Where the service includes the web commerce service, the Client agrees to be subject to the Company's web commerce service terms and conditions. The Company reserves the right to amend and/or update the Web Commerce Service Terms and Conditions from time to time. A copy of the current version of the web commerce service terms and conditions is available on the company's web site.
In the event that the Client's web site is in breach of the Conditions or the Company for whatever reason decides it is necessary or in its best interests to do so (including if the Client is in breach of its obligations or fails to pay the Fees) the Company shall be entitled to suspend or bar access to the Client's web site until any breach is remedied or the Clients pays any outstanding Fees or for such reasonable period as the Company considers fit; and remove all or any part of the Client's Web Site from the company's server and/or delete all or any data, files or other information that is stored on the Server on which the Client's web site is stored.
During the term of the agreement, the Company reserves the right (in its sole discretion and without prior notice) to suspend use by the Clients of any component part of the service which may be having a detrimental effect on the Services or/and on the network as a whole or adversely affect other the Company’s Clients.
The Company does not give any warranty, guarantee or other term as to the quality, fitness for purpose or otherwise of any goods or other services supplied by a third party, but shall, where possible, assign to the Client the benefit of any warranty, guarantee or indemnity given by the person supplying the goods or services to the Company.
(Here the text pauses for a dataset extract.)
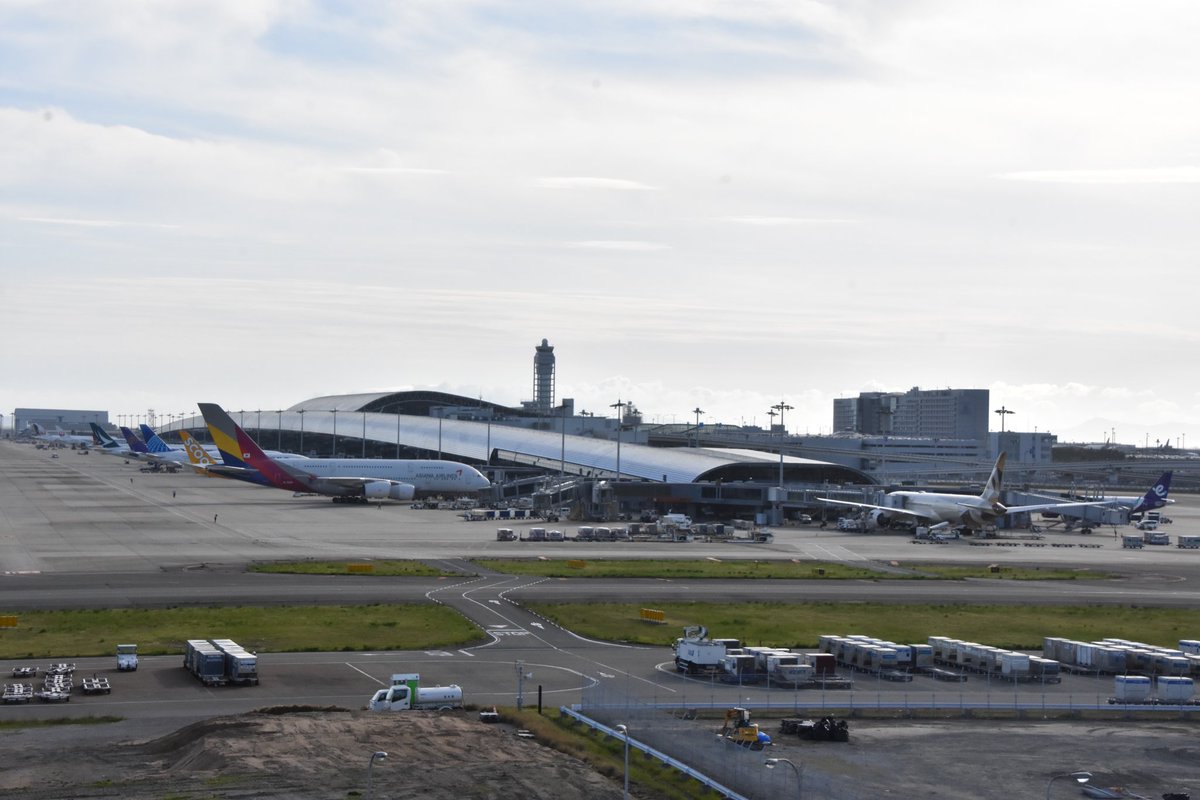コロナ前以来約5年振りに関西国際空港の11番スポットに到着したA380
#関西国際空港 #A380 #A388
THE COMPANY SHALL HAVE NO LIABILITY TO THE CLIENT FOR ANY LOSS, DAMAGE, COSTS, EXPENSES OR OTHER CLAIMS FOR COMPENSATION ARISING FROM ANY EXERCISE OF THE COMPANY'S RIGHTS OR REMEDIES UNDER THE AGREEMENT INCLUDING WITHOUT LIMITATION:- (1) THE SUSPENSION OF ACCESS TO THE CLIENT'S WEBSITE (2) THE DELETION, CORRUPTION, LOSS OR REMOVAL OF DATA, FILES OR MATERIAL STORED ON THE CLIENT'S WEBSITE (3) THE REMOVAL OF THE CLIENT'S WEB SITE FROM THE SERVER; (4) ANY ACTIONS TAKEN BY THE COMPANY ON INSTRUCTIONS SUPPLIED BY THE CLIENT WHICH ARE INCOMPLETE, INCORRECT, INACCURATE, ILLEGIBLE, OUT OF SEQUENCE OR IN THE WRONG FORM, OR ARISING FROM THEIR LATE ARRIVAL OR NON-ARRIVAL; OR (5) ANY OTHER FAULT OF THE CLIENT (6) LOSS OR DESTRUCTION OF DATA FROM THE USE OF EMAIL AS PART OF THE SERVICES.
The Company’s clients agree to protect, defend, hold harmless, and indemnify the Company, any third party entity related to the Company (including, without limitation, third party vendors), and the Company’s executives, directors, officers, attorneys, managers, employees, consultants, contractors, agents, parent companies, subsidiaries, and co-subsidiaries with the same parent company as the Company, from and against any and all liabilities, losses, costs, judgments, damages, claims, or causes of actions, including, without limitation, any and all legal Fees and expenses, arising out of or resulting in any from the client's use of the Company’s services.
To the maximum extent permitted by applicable law, in no event, and under no theory of law or equity, will the Company (including, without limitation, the Company’s executives, directors, officers, attorneys, managers, employees, consultants, contractors, agents, parent companies, subsidiaries, co-subsidiaries with the same parent company as the Company affiliates, third-party providers, merchants, licensors, or the like) or anyone else involved in creating, producing, or distributing the Company’s services, be liable for the loss of a domain name, or any business or personal loss, revenues decrease, expenses increase, costs of substitute products and/or the company services, or any other loss or damage whatsoever, or for any consequential, special, incidental, punitive or indirect damages of any kind arising out of any use of, or any inability to use, any of the Company’s services even if the Company has been advised of the possibility of such damages. The Company’s total cumulative liability, if any, to client, or any third party, for any and all damages, related to the Conditions, the Company’s services, including, without limitation, those from any negligence, any act or omission by the Company or the Company’s representatives, or under any other theory of law or equity, will be limited to, and will not exceed, the actual dollar amount paid by the Client for the Services which gave rise to such damages, losses and causes of actions during the 3-month period prior to the date the damage or loss occurred or the cause of action arose.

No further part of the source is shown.